What Is Trade Dress?
One of the core issues here is whether or not Aldi has infringed on King’s protectable “trade dress.” Trade Dress is, more or less, a form of trademark protection that applies to the look and feel of a business or product. The distinctive shape of a Coca-Cola bottle is one well-known example of protected trade dress.
King’s has been in business since the 1950’s, but the distinctive packaging was introduced in 1983. They describe their packaging as including the following elements, which combine to form the distinctive trade dress:
(1) the prominent use of the color orange; (2) on the front of the package a clear window, with the color orange as the primary element around such clear window; (3) within the window, a light-colored element with contrasting writing; and (4) on the light-colored element, no word appears in larger font than the word “Hawaiian,” which is in a serif font…
The key takeaway here is that the trade dress in King’s packaging is made up of the combination of these elements. It’s certainly possible that a competitor could sell their bread rolls in a package that includes, say, a window with “a light-colored element with contrasting writing.”
King’s claims that Aldi has used all of these elements in their packaging and that they have…

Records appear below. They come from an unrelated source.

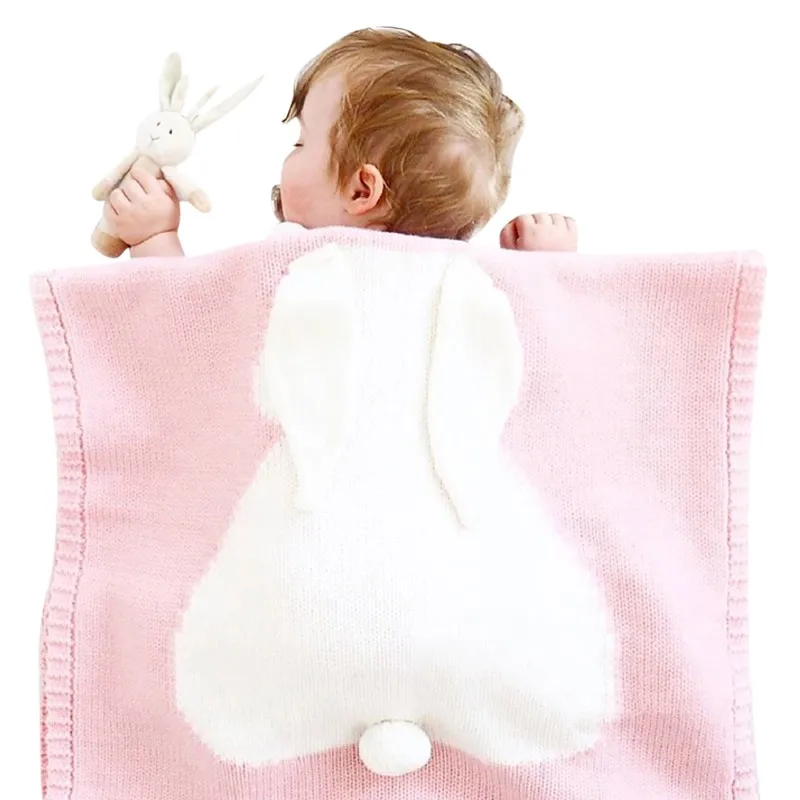 Buy 5 Colors Baby Blankets Rabbit Crochet Newborn
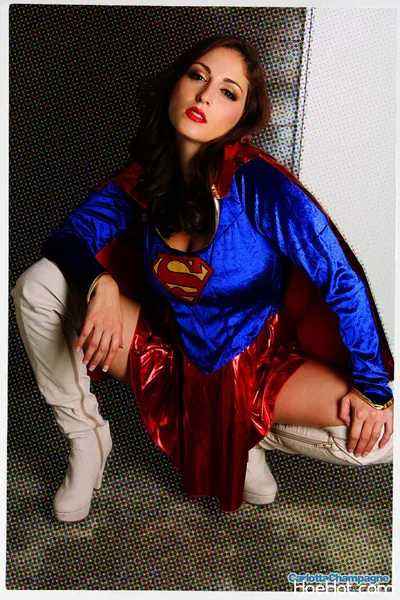 Carlotta Champagne Supergirl Cosplay nude cosplay leaked 373792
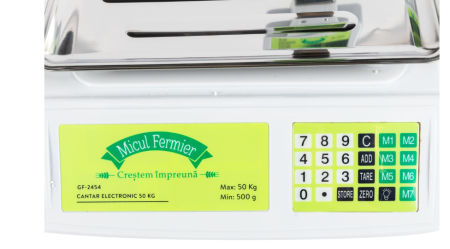 Cantar electronic Micul Fermier 50Kg afisaj dublu brat [1]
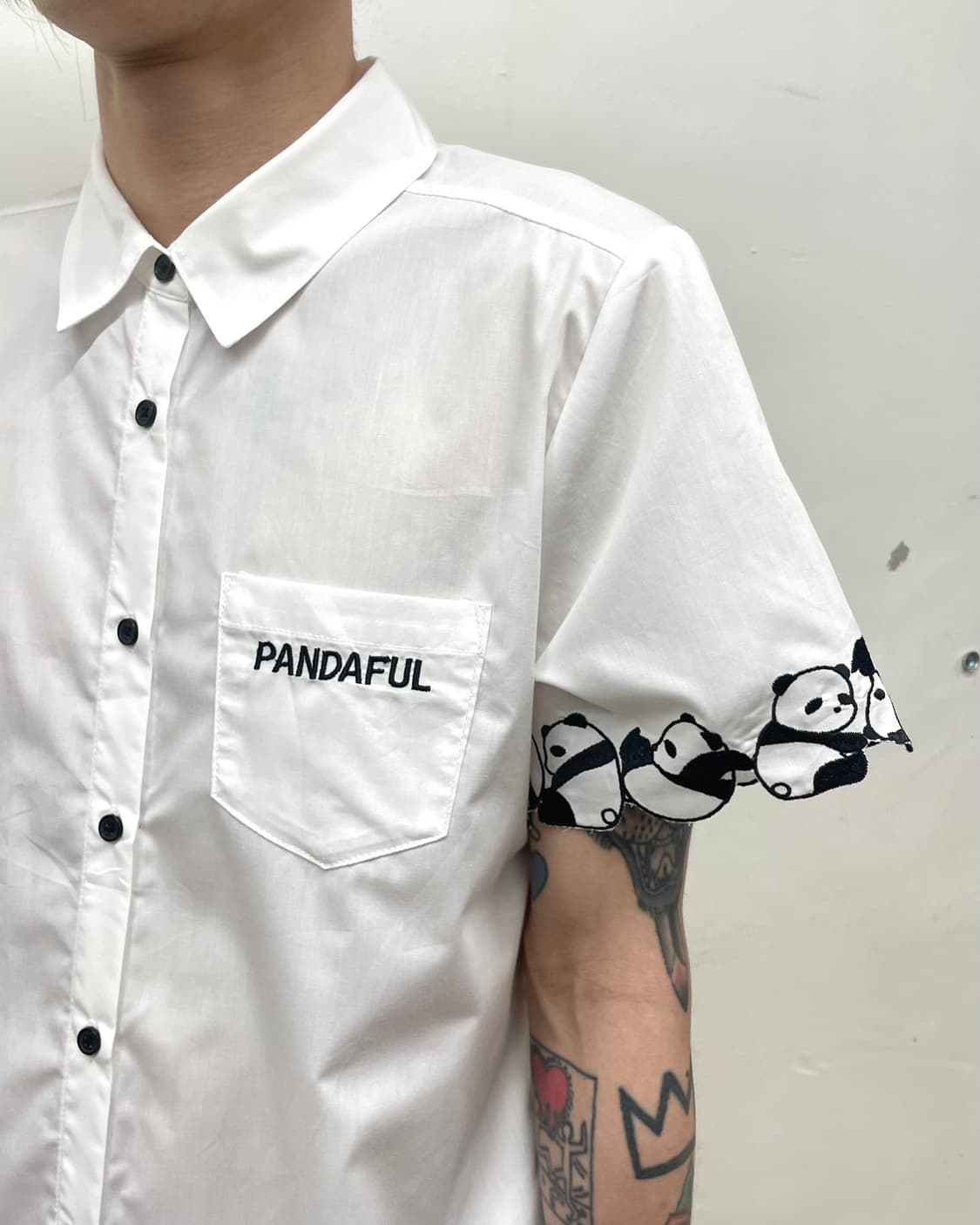 Wappen White Shirt with Sleeve Panda 상품이미지3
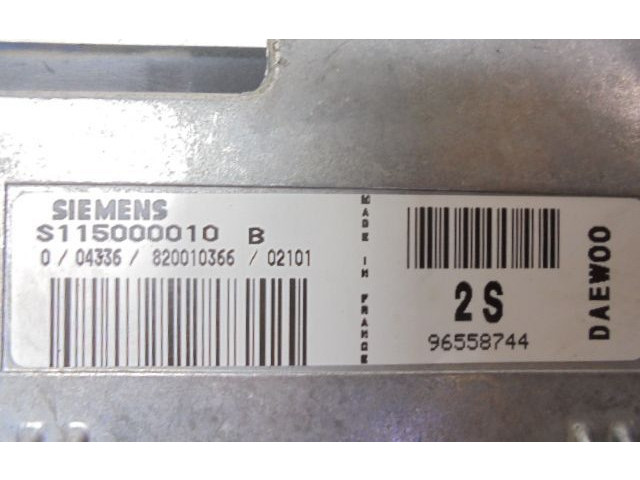 Блок управления двигателем Блок управления 96558744, 96558744   Chevrolet Matiz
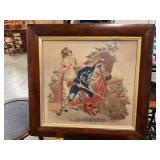 Needlepoint framed picture 29ï¿½x27ï¿½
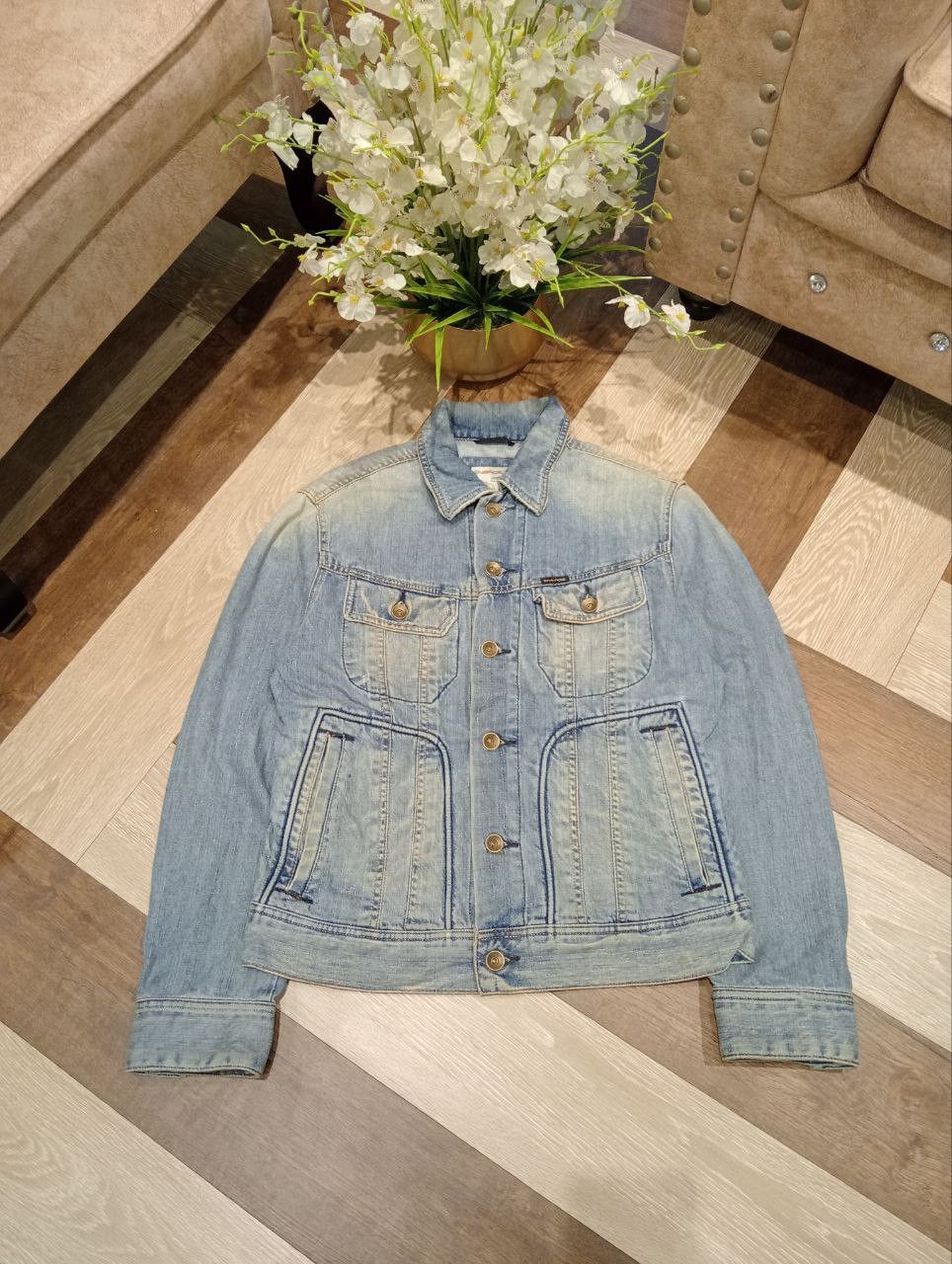 Energie ENERGIE LIGHT BLUE DENIM JACKET - MEDIUM Size US M / EU 48-50 / 2 - 2 Thumbnail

…adopted and used its deceptively-similar packaging with the intent to trade off the enormous goodwill that King’s Hawaiian has earned in the King’s Hawaiian Sweet Roll Packaging Trade Dress, and the high-quality products with which it is used and, further, to cause consumers to be confused, deceived or mistaken into believing that there is an affiliation, connection or association between Defendant and King’s Hawaiian, or that Defendant’s sweet rolls originate from or are sponsored by or approved by King’s Hawaiian.
Does King’s Have a Good Case?
This seems like a clear-cut case of trade dress and trademark infringement. There’s no way Aldi could have selected all of these elements at random. They could only have done so with the intent to make their packaging similar to King’s packaging. There are an infinite number of ways that Aldi could have designed their bread roll packaging. I’m surprised the case has gotten this far, and I suspect that Aldi will settle rather than trying to defend their position through a long and costly trial.
The Key Takeaway
Make sure that the look and feel of your product (and the packaging, website, etc.) is not too similar to that of a more famous competitor.